**Required action**: An exact copy of all the data is needed, with every picture left out.

**Data excerpt**:
────────────────

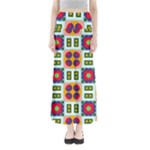 Shapes in shapes 2                                                                 Women s Maxi Skirt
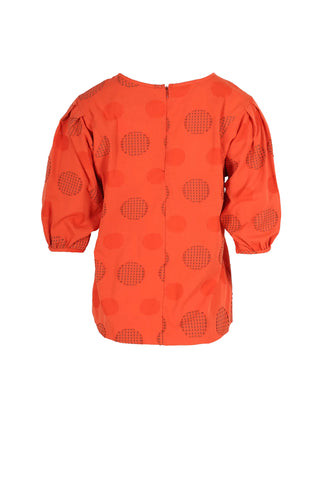 Universal Blouse Orange in Cotton Blend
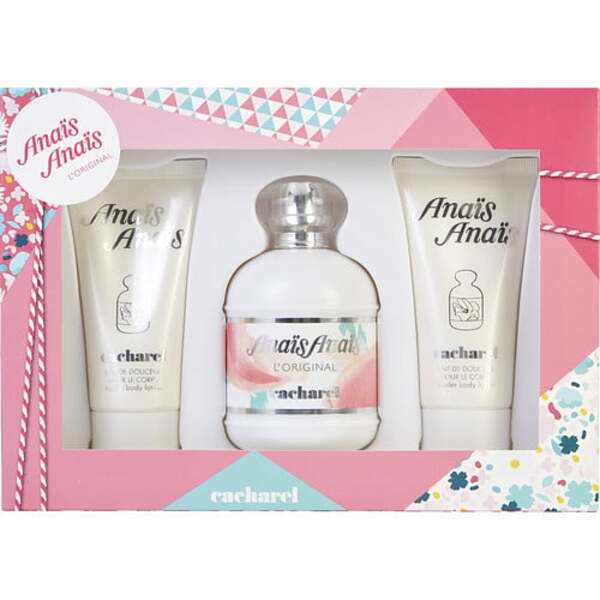 Anais Anais L'original Eau de Toilette 3.4 oz Spray & Two 1.7 oz Body Lotions - A Floral Dream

────────────────

**Result of the exercise**:
 Shapes in shapes 2                                                                 Women s Maxi Skirt
 Universal Blouse Orange in Cotton Blend
 Anais Anais L'original Eau de Toilette 3.4 oz Spray & Two 1.7 oz Body Lotions - A Floral Dream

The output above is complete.